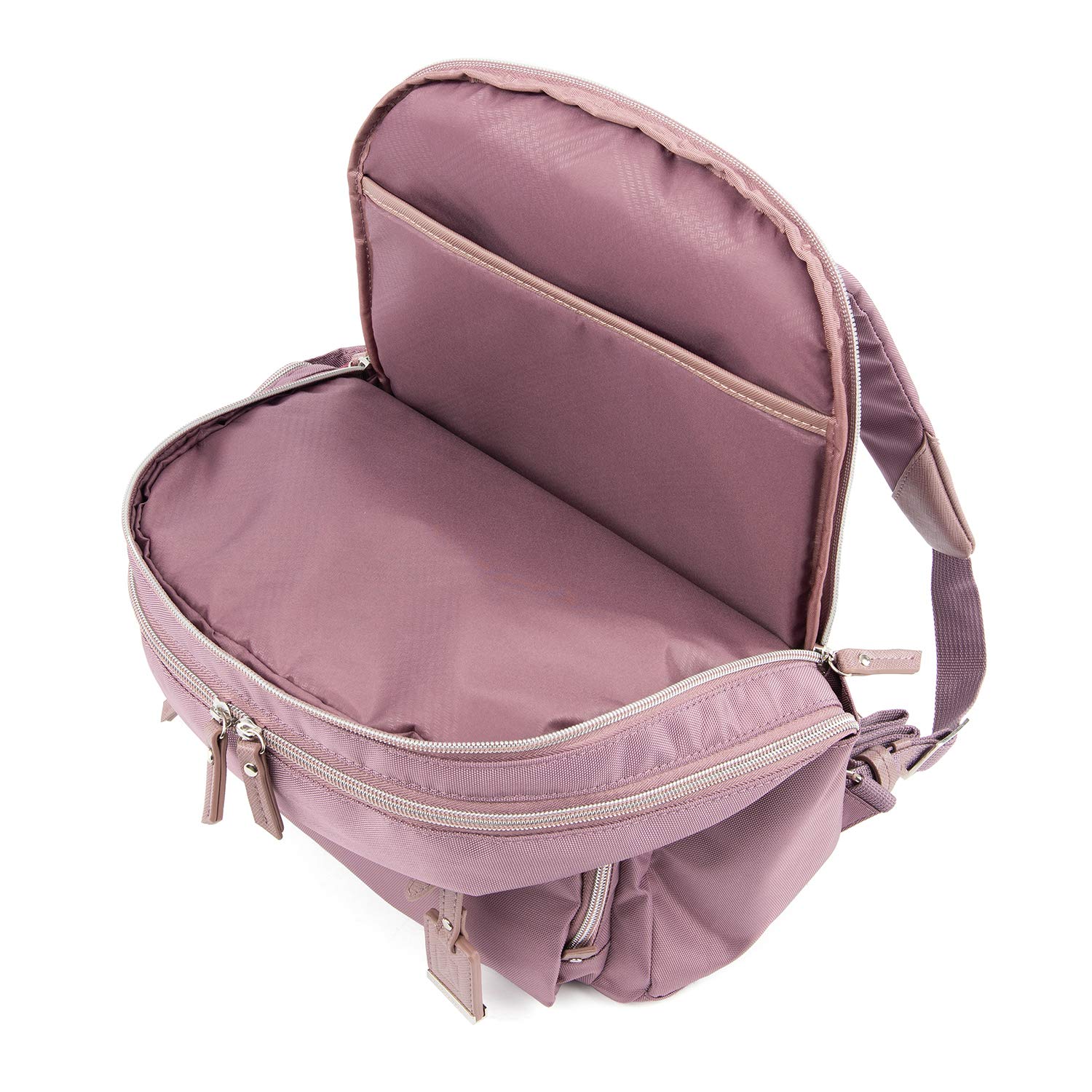 travelpro-women-s-maxlite-5-laptop-backpack-dusty-rose-carry-on-15-inch image 3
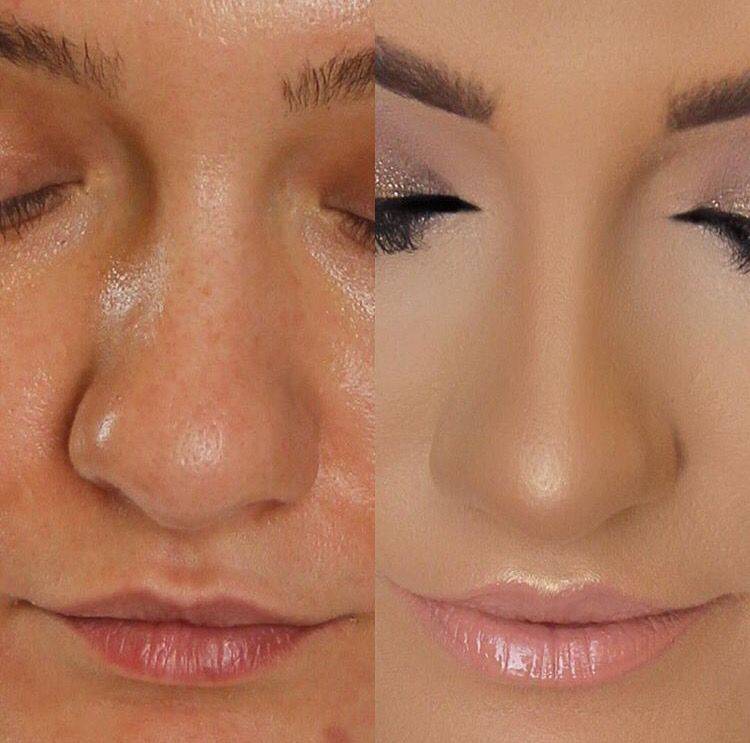 Как с помощью макияжа уменьшить нос: рекомендации и фото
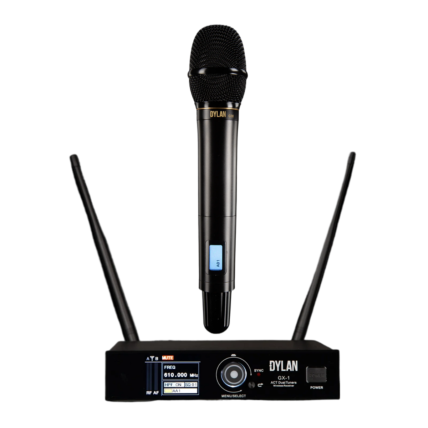 Microfone Dylan GX-1 Sem/Fio UHF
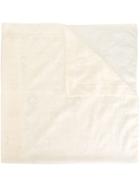 Alexander Mcqueen - 'skull' Scarf - Men - Cotton/polyamide/wool - One Size, White, Cotton/polyamide/wool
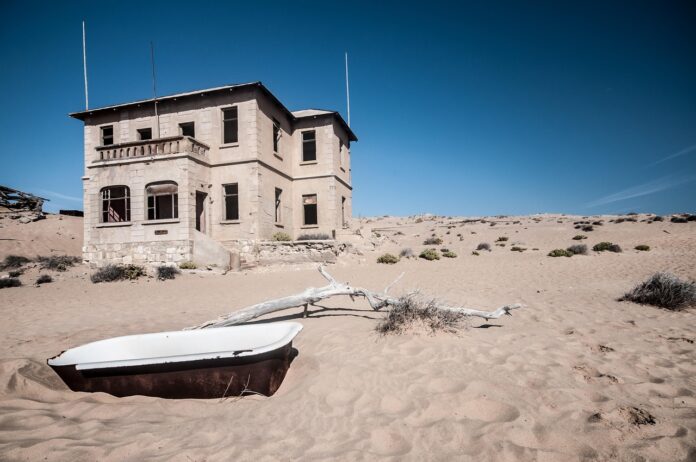 Kolmanskop Namibië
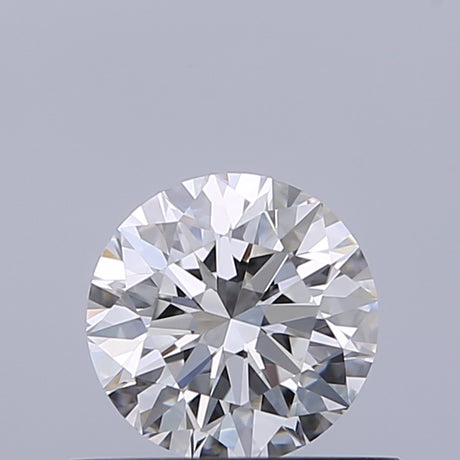 0.52 carat Round diamond F IF Excellent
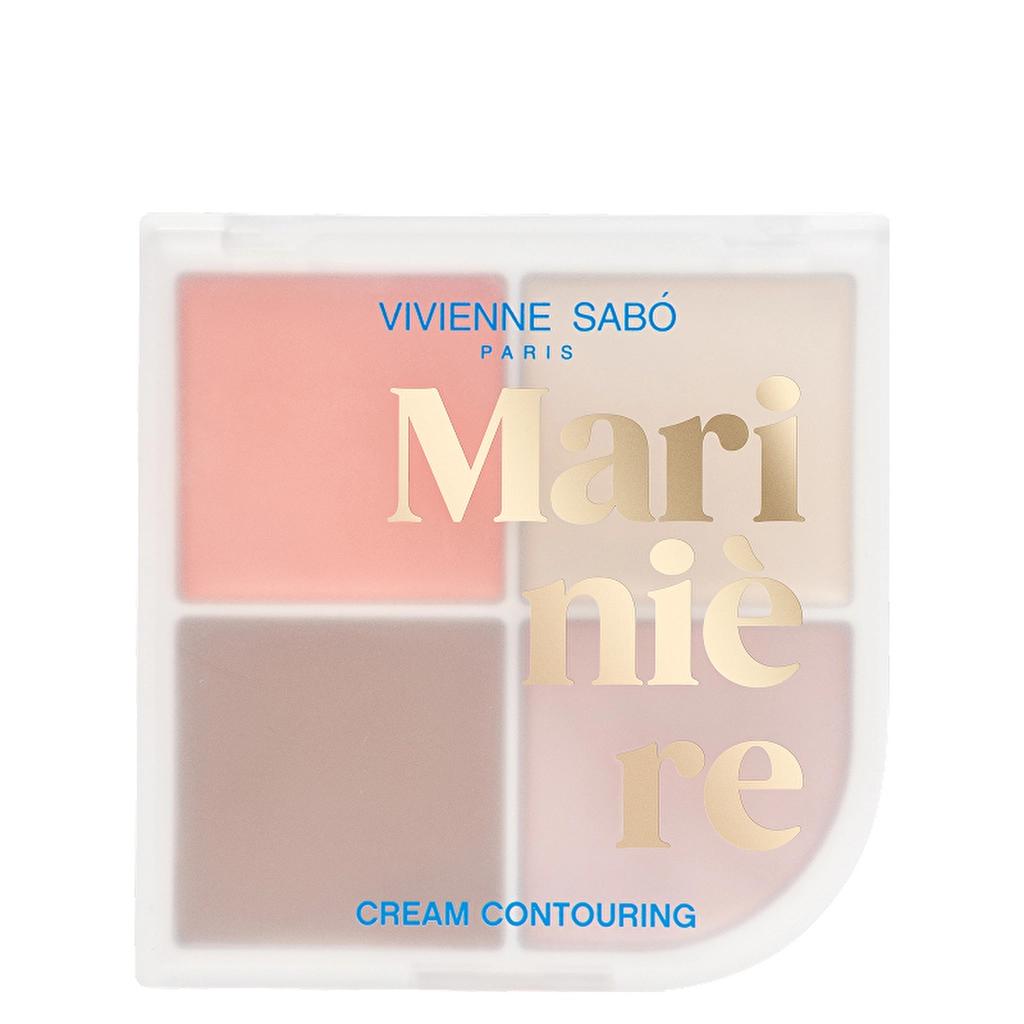 Vivienne Sabo Mariniere Contouring Palette 02 by Beauty Care Bag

***

| Task prompt |
Leaving every picture out, please copy exactly the lines from the one holding "Как с помощью" through the last line of the listing, both ends included.

| Output for this exercise |
 Как с помощью макияжа уменьшить нос: рекомендации и фото
 Microfone Dylan GX-1 Sem/Fio UHF
 Alexander Mcqueen - 'skull' Scarf - Men - Cotton/polyamide/wool - One Size, White, Cotton/polyamide/wool
 Kolmanskop Namibië
 0.52 carat Round diamond F IF Excellent
 Vivienne Sabo Mariniere Contouring Palette 02 by Beauty Care Bag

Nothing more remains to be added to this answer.